Archive for the ‘Expeditionary Learning’ Category

Student Engagement

This was a comment I posted in response to a blog post you can read here

I just finished my 3rd yr teaching 8th grade Language Arts and have found that finding the balance between engagement and relevance is tricky. The 8th grade team completed our first Expeditionary Learning Unit (See what that means here: and found that engagement was very high. It involved student choice and a fair amount of self-directed work by the students. They produced some of the best work I’ve seen so far from 8th graders (you can see the work here:

I always ask myself questions before beginning a project, why am I doing this: How does it meet my teaching goals? Can the students do what I’m asking them to do, have I done enough to make sure they have the skills required to complete the task? (I will often ask students this question outright when introducing a project – “Does this sound doable? Is what I’m asking you do a reasonable request?” Of course kids don’t always know what they don’t know but it’s a good place to start assessing what they need to know collaboratively.
And secondly (and I think the point of your post) do the students know why we are doing this and will they care? My goal this year was to make sure the students knew why I assigned the work I did, I think it made a difference.

The engagement that we saw in the Expedition was a result of the students personal connection to the work – one student remarked that she felt like the work she was doing was meaningful, and could make a difference. This is why so many students worked so hard.
Of course some kids did need a modified process, that will always be the case; so no, I don’t think it’s a cop-out to think that.
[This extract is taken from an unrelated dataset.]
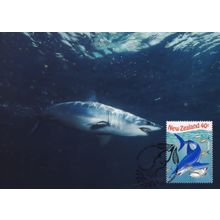 Mako Shark New Zealand Wanganui Stamp Postcard FDC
I think that reflecting on lessons and figuring out what went wrong (and what went right) by ourselves and with colleagues is the best thing we can do as teachers to improve our craft.


First day of 2010-11 school year

It is rapidly approaching. I see tweets and blog posts everywhere about teachers and students who have already begun the school year. This will be my third year as an 8th grade English teacher (I’m trying to shift the vocabulary at my middle school to call it English in 8th grade instead of Language Arts, even though LA is a more appropriate title -I haven’t told anyone about my plans yet. More on this as it develops) and I am PSYCHED!  As a third year teacher I feel pretty confident in the content and can really work on my delivery and integration of technology, especially collaborative technology.
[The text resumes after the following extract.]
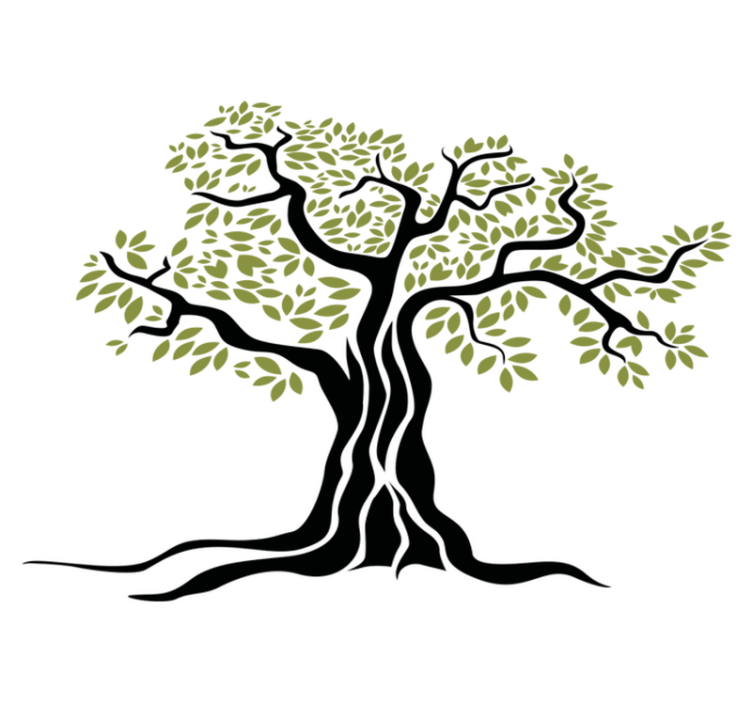 Tapis vinyle plantes arbre olivier noir feuillage vert - TenStickers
The word in the district is that we’ll be set up with Google for Education this year – I’ve been hoping, mentioning this since I started, along with some of my colleagues. This means Google docs – can I go paperless this year? I think that I’ll certainly use less. The blog helped with this goal and Google apps will further it. It will also fit nicely in with my belief that learning is collaborative – real-time collaboration is so effective. The class wiki is good (I use Wetpaint) but real-time collaboration can be tricky when people start saving and exiting the editing tools.

The other exciting thing that is happening in the 8th grade is Expeditionary Learning. You can read this previous entry about how this new model unfolded. We have done the bulk of the planning for a Spring expedition that is modeled after one we saw at King Middle School called Truth and Consequence. The team is on board, the administration is on board, and I’m certain that the students will be on board. I will be blogging about the process once we start in February.

There is also construction going on at the school. We recently changed from a 6-8 school to a 4-8 school and construction should be finished by February break (hey that’s when we’re kicking off our expedition, good unplanned timing!). The hallway to the new addition is going between 8th grade social studies room and 6th grade math room. These two rooms were gutted over the summer. A permanent wall was erected between my room and the SS room where before there was a movable wall. Most of my room is covered in dust and everything is smooshed against the opposite wall. This does have a plus side though, I can put things against this wall now. I think I will change the set up of my room and put the SmartBoard against this new room and make a horseshoe seating arrangement (I didn’t have the space for that before and had seating pods).

I’d love to hear about what you are going to do this year. Trying something new? Changing how you teach a lesson? Let me know!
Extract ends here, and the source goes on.